Symmetry as a Compositional Determinant

copyright © Larry J. Solomon, 1973, revised 2002

Chapter II. Definitions and Principles

A dictionary defines symmetry as "beauty of form arising from balanced proportions. 2. corresponding in size, shape and relative position of parts on opposite sides of a dividing line or median plane or about a center or axis. {Merriam Webster's Collegiate Dictionary, 1194} Often the term is meant to be synonymous with balance, proportion, or a pleasing arrangement of the parts to the whole, especially in the arts and music.
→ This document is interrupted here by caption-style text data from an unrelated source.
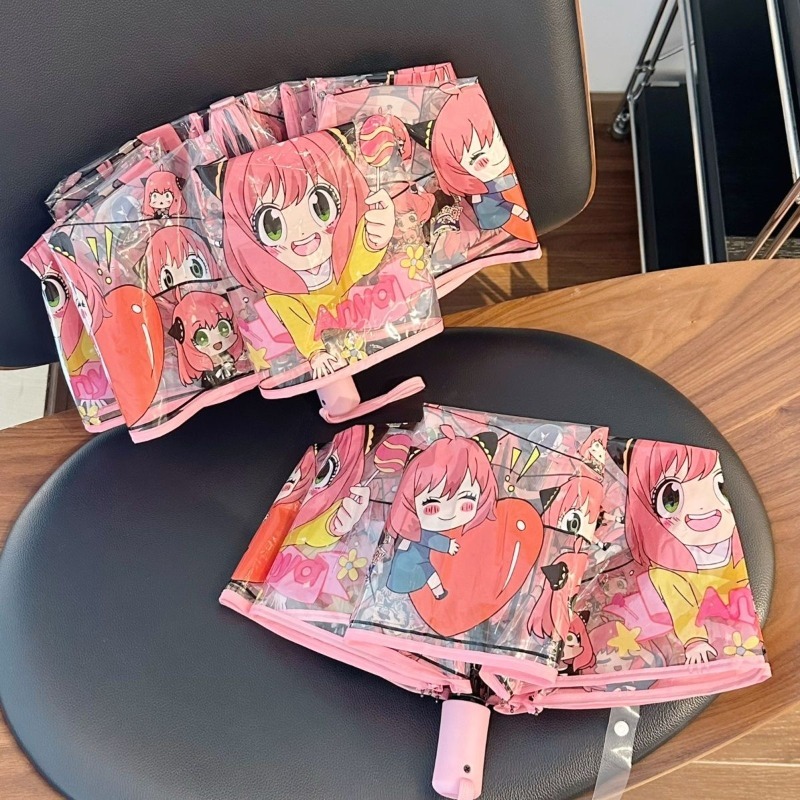 SPY×FAMILY Anya Forger Anime C - Anime Cosplay Anya review and price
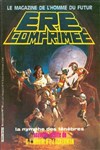 Ere Comprim�e - Ere Comprim�e 16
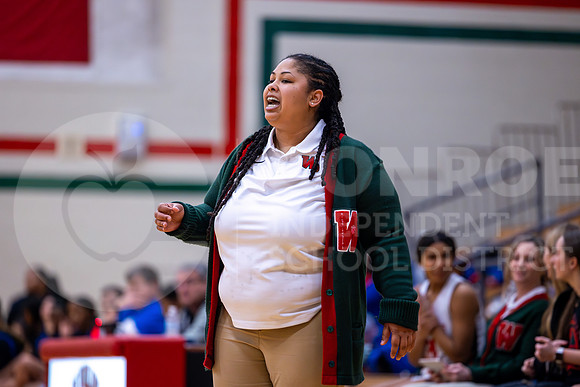 240109 ORHS vs TWHS - Taryn Farnsworth-54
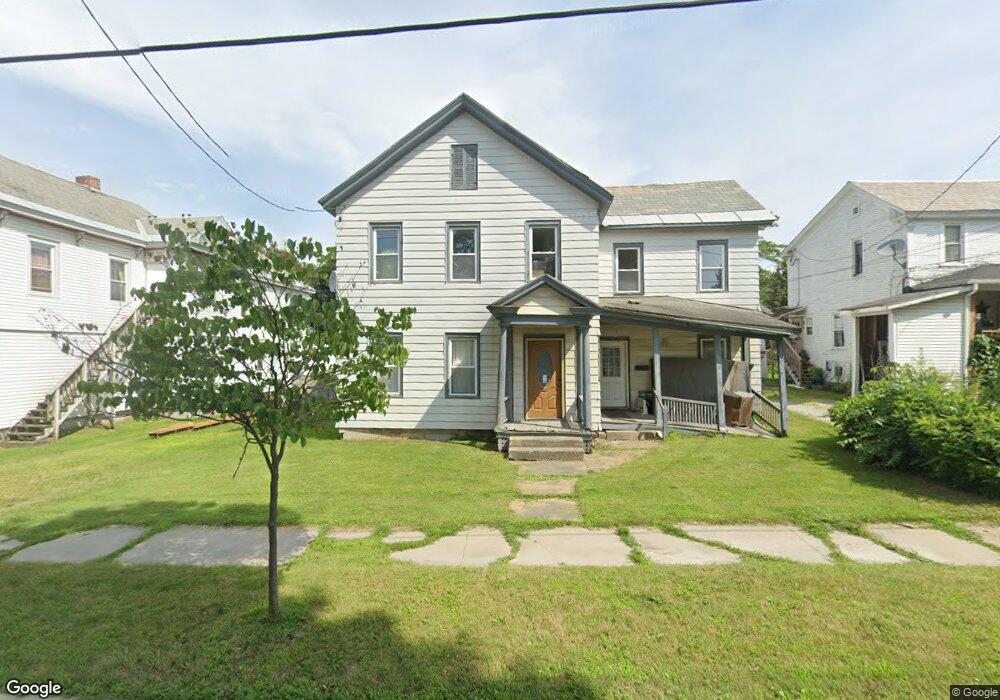 67 Crescent St, Rutland, VT 05701 - photo 1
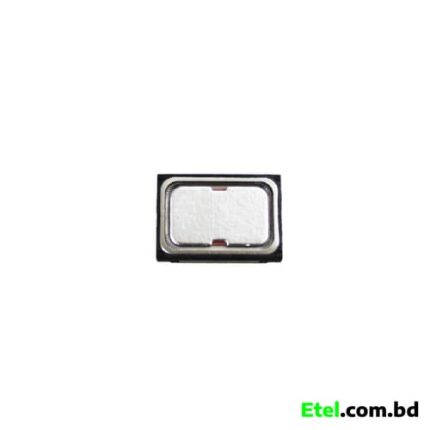 Blackberry Classic Q20 Loudspeaker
In order to arrive at a systematic treatment of symmetry we need a more rigorous definition and one which, at the same time, is most generally applicable.

Symmetry is here to be defined as a congruence which results from the operations of reflection, rotation, or translation.
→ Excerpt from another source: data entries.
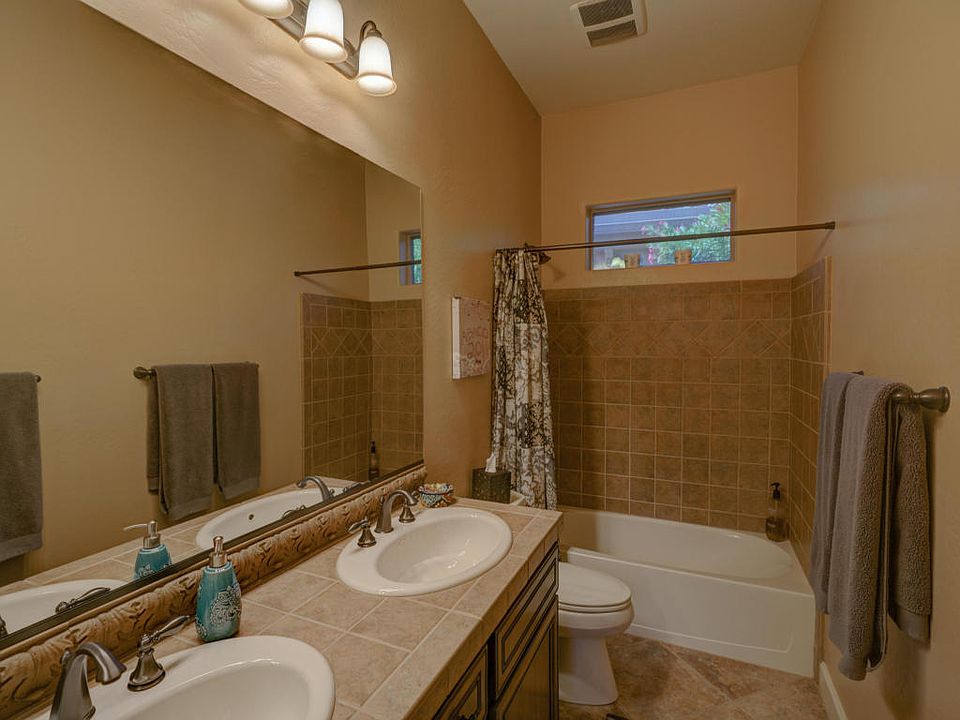 1st image of 3802 E Nolan Dr
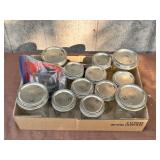 Jars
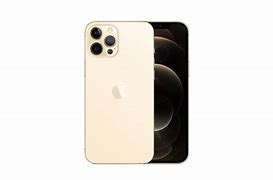 Image result for 12 Pro Max 256GB Gold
One of the important types of symmetry, and one familiar in everyday life, is called bilateral or reflective. A figure in two dimensions said to possess such symmetry can be reflected about a linear axis and made to correspond point for point with its original image. The following geometric figure is an example.

Figure 5. Illustration of the Reflection Operation.

If figure 5a is reflected, or flipped, about the vertical axis, y, 5b results. Point x1, y1 of figure 5a is projected into -x1,y1 in 5b, and x2,y2 is projected into -x2,y2. Figure 5b is congruent to 5a. The operation is mathematically defined as:

T(x,y)= (-x,y)

meaning a transformation upon (x,y) such that it becomes (-x,y). The figure is symmetric only with respect to one axis, the one bisecting it vertically. The same figure is not symmetric about an axis such as:

Figure 6. An asymmetric axis.

The following is asymmetric with respect to any axis.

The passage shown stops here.